The government is planning to give a big boost to infrastructure projects this year. Planning Commission deputy chairman Montek Singh Ahluwalia said on Tuesday that the government has taken a decision in consultation with the ministry of road, transport and highways that 8,000 kilometreof road projects would be bidded out this year, a four fold increase compared to the past three years.

Ahluwalia, who was speaking exclusively at a CII programme on leadership via a video conference from New Delhi, said that the developement of road projects undertaken by the Centre was almost paralysed after the collapse of Lehman Brothers and the government got hardly any bids for the road projects that were bid out.
“We reviewed the situation internally with the ministry of roads and agreed to modify certain parts of the model concession agreement and the ministry is now confident of bidding out 8,000 kms of road contracts within this fiscal. My view is that one year from now, we definitely will be able to say that activity in roads, ports power and telecom have picked up,” Ahluwalia said. He felt that the recent decision on auctioning of 3G spectrum was a major development and would open up lot of investments in the telecom sector in the next one year to 18 months.

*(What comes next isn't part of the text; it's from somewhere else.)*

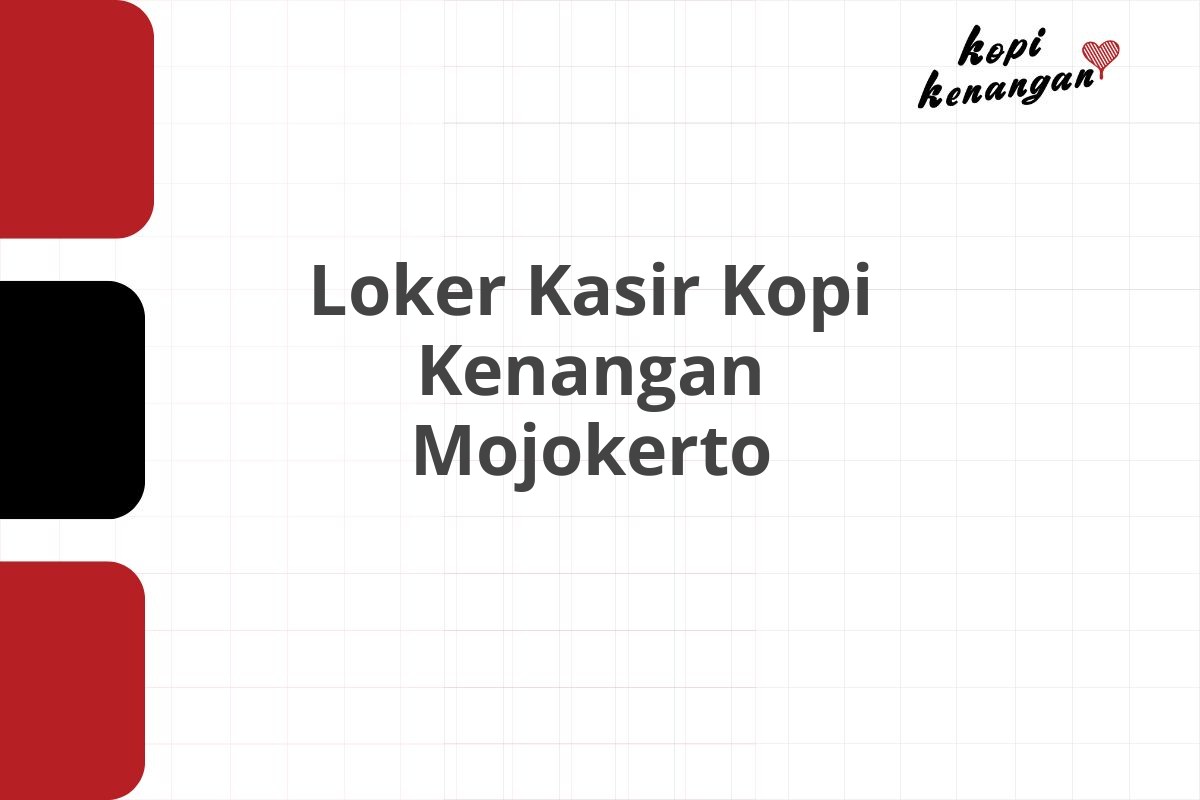 Loker Kasir Kopi Kenangan Mojokerto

The government has undertaken an ambitious National Highway Development Project (NHDP) which is at an advanced stage of implementation. Key sub-projects under the NHDP include: - The Golden Quadrilateral (GQ-5846 kms of 4 lane highways) - North-South & East-West Corridors (NSEW-7142 kms of 4 lane highways) - Four-laning of 12,109 km under NHDP-III. The
National Highway Development Programme (NHDP), entails a total investment of Rs 2,20,000 crore upto 2012.
Ahluwalia also pointed out that in order to sustain a 10-11 per cent contribution from the manufacturing sector in the GDP, the labour laws in the country needs to be more “flexible.”
“Currently, if a firm has to hire 30,000-odd people, there is a lot of reluctance on the part of the employer. This is not so in the case of our other neighbours. We need to involve the labour unions that making labour laws flexible will be in their best interests,” Ahluwalia said.